Из двери вдоль стены, плашмя, спиной к ней, проскальзывает длинный черноволосый. В руках у него тетрадки журналов. За ним проскальзывает целая стайка. Они садятся в последнем ряду, как раз за нами. Черноволосый быстро окидывает взглядом докладчика, экран и доску и тихо говорит своим соседям:

— Ну, вот и хорошо. Он установил, что ливни, образующиеся вверху в атмосфере, не могут дойти в заметном количестве до уровня моря. А внизу слишком много мягких частиц. Противоречие, которое он, конечно, относит на счет теории образования пар и теории ливней.

Черноволосый роется в журналах, показывает что-то соседям. Они оживленно шепчутся и пересмеиваются.

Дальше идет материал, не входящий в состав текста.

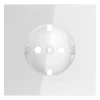 VLS000601 Накладка для розетки с заземлением Voltum S70 VLS000608 (белый глянцевый)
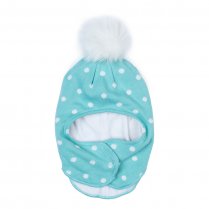 Голубой комплект : шапка, варежки для девочки PlayToday Baby 378081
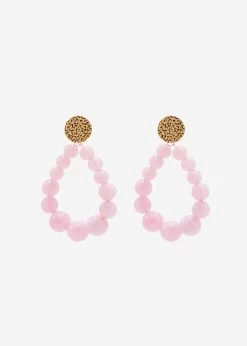 Ohrstecker Gold Mit Perlen - Rosa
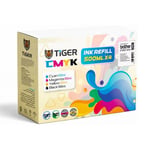 حبر Tiger CMYK تعبئة 500ml x4 لطابعات Brother BT-5000/BT-D60 thumbnail 3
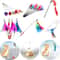 5Pack Cat Feather Wand Toys For Interactive Kitten Play 4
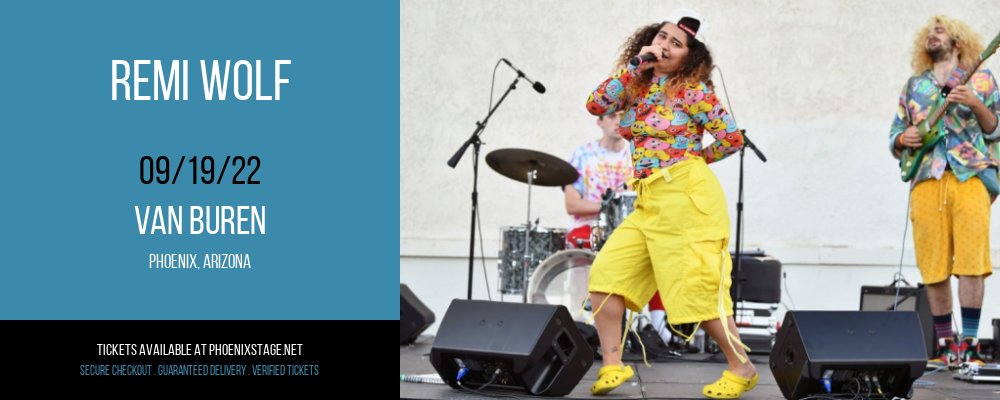 Remi Wolf at Van Buren tickets Remi Wolf at Van Buren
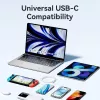 VENTION Καλώδιο USB-C σε USB-C 1m Μαύρο TRCBF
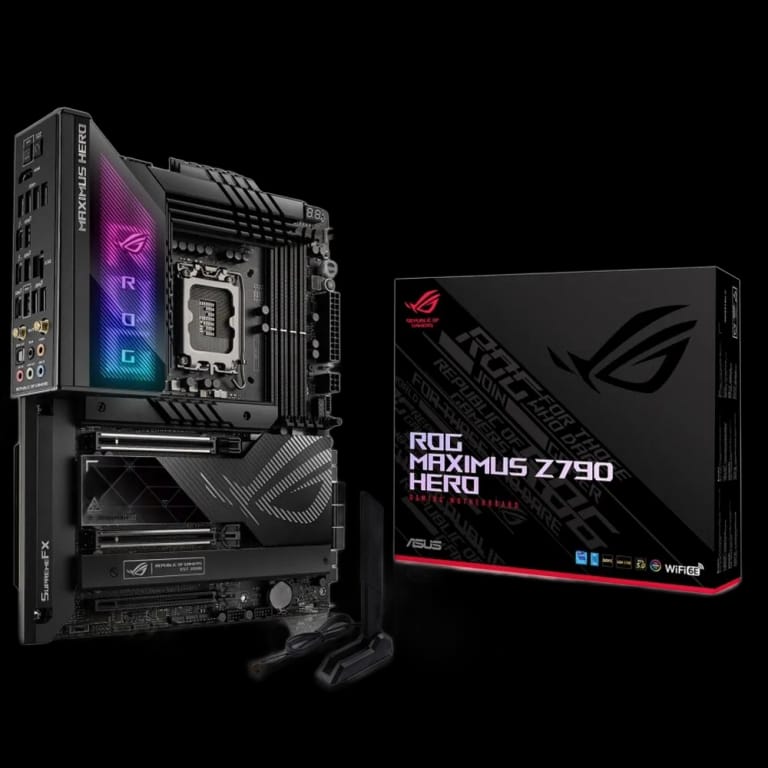 Материнская плата ASUS ROG MAXIMUS Z790 HERO /LGA1700,Z790,USB3.2 GEN 2,MB (90MB1CI0-M0EAY0) /LGA1700,Z790,USB3.2 GEN 2,MB (90MB1CI0-M0EAY0)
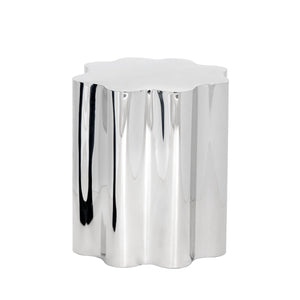 Dahlia End Table - Stainless Steel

Теперь нам становится легче. Теперь мы кое-что понимаем. Мы ведь видели в коридоре на выставке картинки с парами и ливнями. Там они выходили из пластинки свинца. Здесь речь об атмосфере, столбе воздуха. Воздух легче и разреженнее, зато его много, он такая же опора, как пластинка свинца. Образуются пары, пары размножаются в ливни. А дальше? Столб воздуха очень большой. До каких пор будет продолжаться размножение? Конечно, не вечно. Вот мы тоже умеем самостоятельно рассуждать, соображать. До тех пор пока хватит энергии. Энергия велика у первичной частицы, но все-таки ограничена. Пусть ее хватает на рождение ста, тысячи, сколько там надо, электронов и позитронов. Но запас кончится. И размножение прекратится. Что дальше делать уже бедным электронам и позитронам? Где-нибудь, наверное, потеряются. И число их по мере углубления в толщу атмосферы станет убывать. Это и есть те кривые, которые растут, достигают максимума, и убывают, это число частиц. Где и как это произойдет, на какой высоте над уровнем моря, это уже не наше дело, это дело их теории, они считали. И получается, что до уровня моря ничего не дойдет. Ничего или очень мало. А на самом деле на уровне моря они есть. Есть частицы. Что значит, между прочим, мягкие? Бог с ним. Итак: не должны доходить, а доходят. Докладчик считает, очень естественно, по-нашему, что теория неправильна. А черноволосый, по-видимому, считает, что теория правильна. Тогда в чем же выход? О, да мы присутствуем при очень важном моменте в развитии науки.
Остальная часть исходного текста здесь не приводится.